ServerCnxn有两个默认实现类,一个是基于JDK原生NIO的NIOServerCnxn,一个是基于Netty的NettyServerCnxn。
// ServerCnxn的属性 public abstract class ServerCnxn implements Stats, Watcher { protected abstract ServerStats serverStats(); protected final Date established = new Date(); protected final AtomicLong packetsReceived = new AtomicLong(); protected final AtomicLong packetsSent = new AtomicLong(); protected long minLatency; protected long maxLatency; protected String lastOp; protected long lastCxid; protected long lastZxid; protected long lastResponseTime; protected long lastLatency; protected long count; protected long totalLatency; }
public NIOServerCnxn(ZooKeeperServer zk, SocketChannel sock, SelectionKey sk, NIOServerCnxnFactory factory) throws IOException { this.zkServer = zk; this.sock = sock; this.sk = sk; this.factory = factory; if (this.factory.login != null) { this.zooKeeperSaslServer = new ZooKeeperSaslServer(factory.login); } if (zk != null) { outstandingLimit = zk.getGlobalOutstandingLimit(); } sock.socket().setTcpNoDelay(true); /* set socket linger to false, so that socket close does not * block */ sock.socket().setSoLinger(false, -1); InetAddress addr = ((InetSocketAddress) sock.socket() .getRemoteSocketAddress()).getAddress(); authInfo.add(new Id("ip", addr.getHostAddress())); sk.interestOps(SelectionKey.OP_READ); }
NIOServerCnxn的核心方法是doIO, 它实现了SelectionKey被Selector选出后,SocketChannel如何进行读写
SocketChannel从客户端读数据的过程:
1. NIOServerCnxc维护了两个读数据的ByteBuffer, 一个是 lenBuffer = ByteBuffer.allocate(4), 4个字节的ByteBuffer,表示是否是4个字符的命令消息,比如ruok, conf这种命令。ByteBuffer incomingBuffer表示用来存放读数据ByteBuffer, 初始状态下incomingBuffer指向lenBuffer
2. SocketChannel先向incomingBuffer写入数据,如果写入的长度小于0就抛异常。如果正常写入,并且incomingBuffer写满了,如果incomingBuffer是指向lenBuffer,表示这次读的是4个字节的长度。
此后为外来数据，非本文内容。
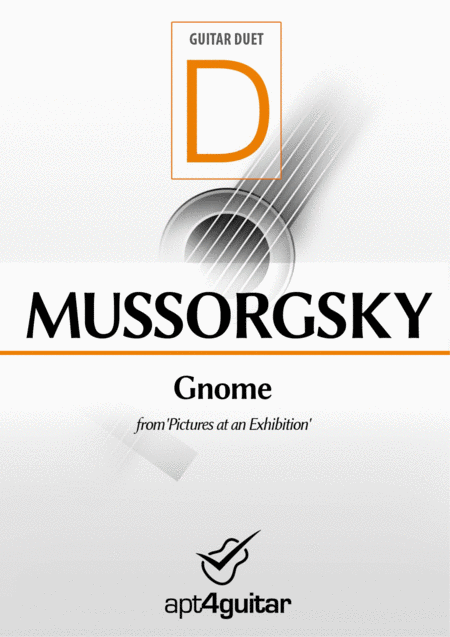 Gnome Sheet Music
3. readLength方法会判断是否是4字符命令,首先调用checkFourLetterWord来判断是否是4字符命令
4. 在checkFourLetterWord中,如果是4字符命令,就调用对应的线程CommandThread,启动单独的线程去执行对应的命令,具体的如何写会在后面说.
如果不是4字符命令,就会incomingBuffer分配对应长度的ByteBuffer, incomingBuffer = ByteBuffer.allocate(len); 不在指向lenBuffer
5. 如果不是4字符命令,进入到readPayload分支。在readPayload判断incomingBuffer是否满包,如果不是,就尝试读一次SocketChanel。如果这时候满包了,就调用flip方法切换到读模式,如果是第一次读到请求,就进入readConnectRequest,如果不是就进入到readRequest。 最后 incomingBuffer = lenBuffer; 再次指向lenBuffer,读下一个请求。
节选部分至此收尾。